Dependency Graphs and Package Versioning
Today I had the unfortunate pleasure of attempting to upgrade a dependency on getsentry.com. The package I was upgrading contained a bugfix that I needed, so this was actually something I wanted, and needed to get done. Unfortunately, the package also contained a new requirement:
requests >= 1.0.
Normally dependencies aren’t too much of a nightmare. Every so often you’ll get a library which version locks something that isn’t sensible, and you’ll hit conflicts. In this case, I figured that since I was already relying on the previous release before requests 1.0, that upgrading it would go off without a hitch. Nope.
Upgrading the library resulted in several other dependencies complaining that they require requests < 1.0, or even worse, they didn’t report their dependency correctly and instead failed to even work (in the test suite, at least). I quickly learned that there were (at least) two major compatibility issues with this upgrade. Even worse, one of them was a fundamental core API.
Most libraries had support for this dependency in a newer version, but some of them weren’t even released. I ended up having to pin git SHAs on several of the dependencies, which for various reasons isn’t usually a good idea.
Libraries vs Applications
I’ve had various people today suggest that I should just “update my code”. I’ll assume those various people don’t understand what a dependency graph is, and especially the limited scoping one that Python let’s us work with. This code is relying on a library, and unfortunately in this case, it’s a popular one. This means we end up with numerous dependencies, many of this which also share common dependencies. For example, Django is a dependency of most of the components in Sentry. Django, however, has well spaced releases, and does an excellent job at maintaining compatibility (and deprecations) between point releases.
Several people have tried to suggest that the a major version bump means they can break APIs. You can do whatever you want with your library, but that doesn’t mean you should.

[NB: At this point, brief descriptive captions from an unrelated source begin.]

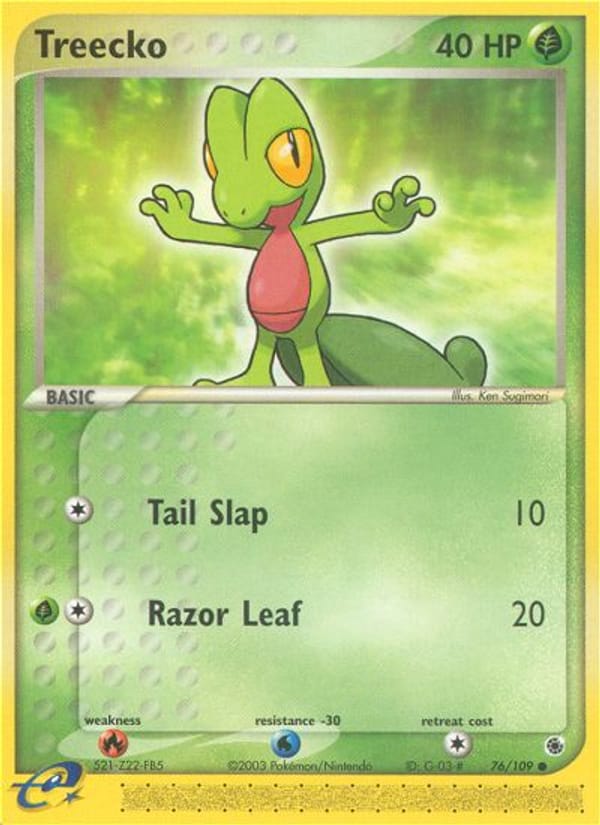 Treecko, EX Ruby and Sapphire · 76/109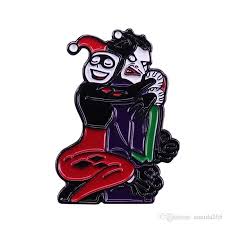 Klik op een afbeelding voor een vergroting. 2021 Joker And Harley Quinn Enamel Pin Mad Love Brooch Dc Comics Fans Gift Funny Shirts Jacket Decor From Simida265 1 81 Dhgate Com
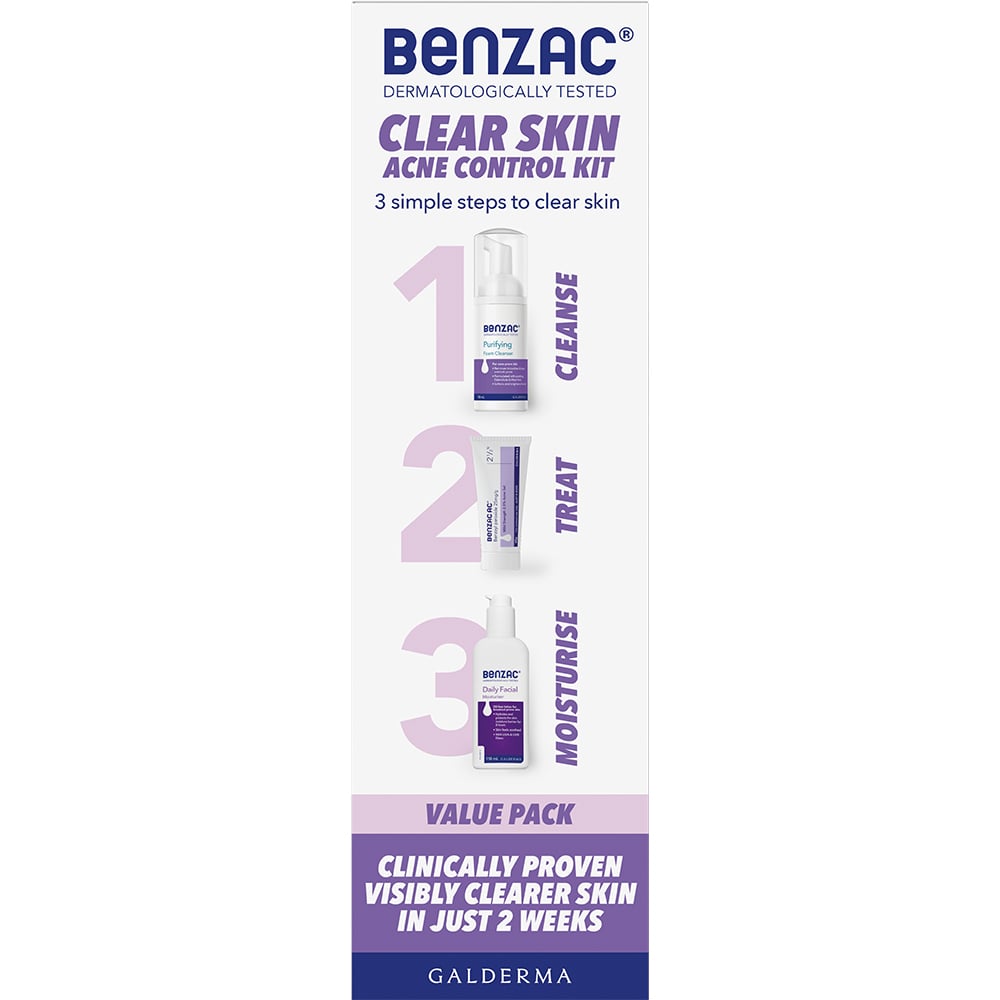 Benzac Clear Skin Acne Control Kit 1 each - Image 3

To put it frankly:
A library should never completely change APIs between releases.
So please, whether your semantic versioning playbook says you can do something or not, it’s your choice whether you do.

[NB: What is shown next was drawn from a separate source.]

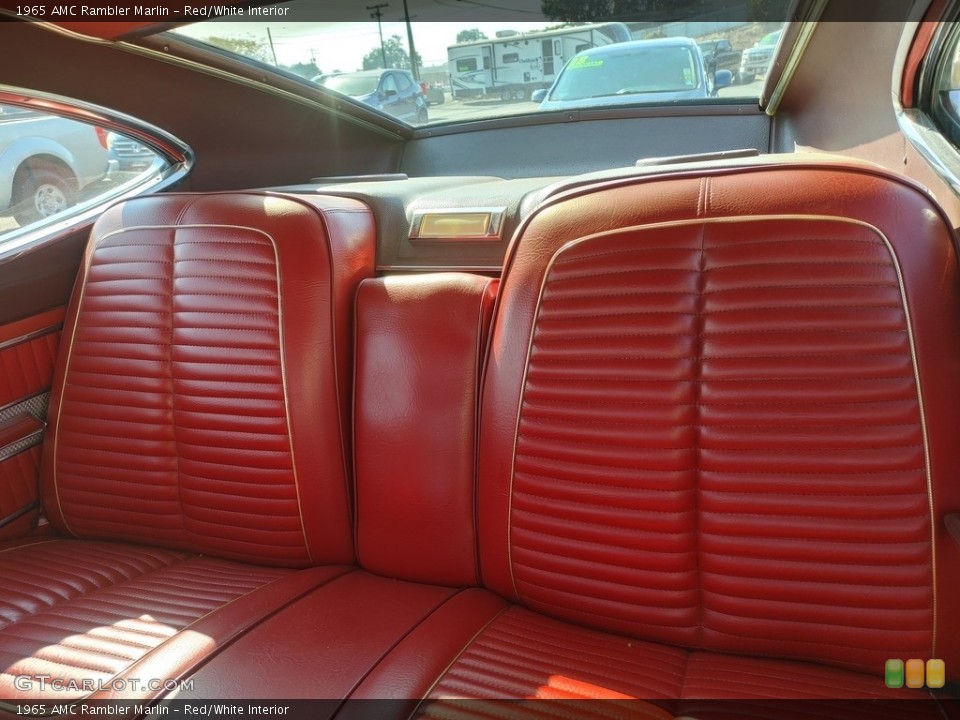 Red/White Interior Rear Seat for the 1965 AMC Rambler Marlin #142762553
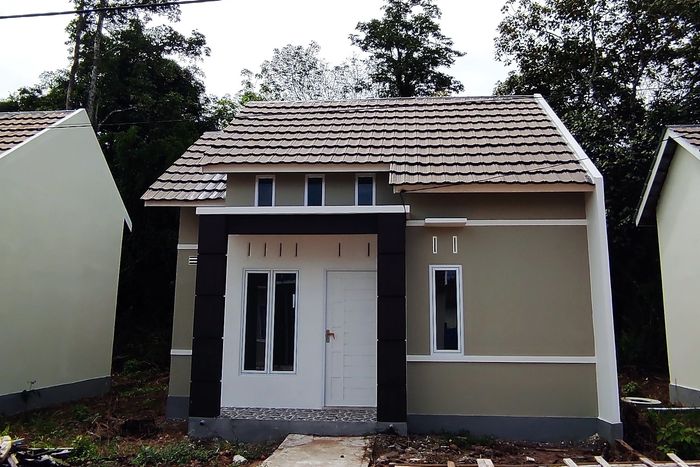 foto tampak rumah tipe EROPA 36 2023 perumahan KAV SATU RESIDENCE BLOK KN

Let me be the first to tell you that I’m not great at following deprecation policies in my open source work. I do try, but sometimes things just slip through that weren’t considered. Instead, let’s talk about another project that many of use every day: Django
Looking at how Django does it, generally you’ll be given one entire release cycle to add transitional support. For example, Django added multiple database support, which subsequently added a new configuration value called
DATABASES. This supported many databases instead of one, which was previously defined using
DATABASE_XXX values. In the version which this was released, they maintained compatibility with both the new style, and the old. This, among many other reasons, is why Django is a great framework to build on.
In the case of requests, a heavily used attribute on the
Response class was changed. The
json attribute was changed to be a callable. Now I’m not sure why (though reading the source it seems inconsistent), but it’s an extremely well traveled code path, and entirely backwards incompatible. These are the kinds of changes that frustrate me.
Keep Things Simple
I want to make one final point. Continually people have pestered me to use the requests library for trivial things. My response has always been simply that it is unnescesary. Is the API cleaner than urllib? It sure is. Is it worth introducing a dependency when all I’m doing is a simple GET or POST request? Almost never.
The Python standard library really isn’t that complicated. Consider the cost of a dependency the next time you introduce it.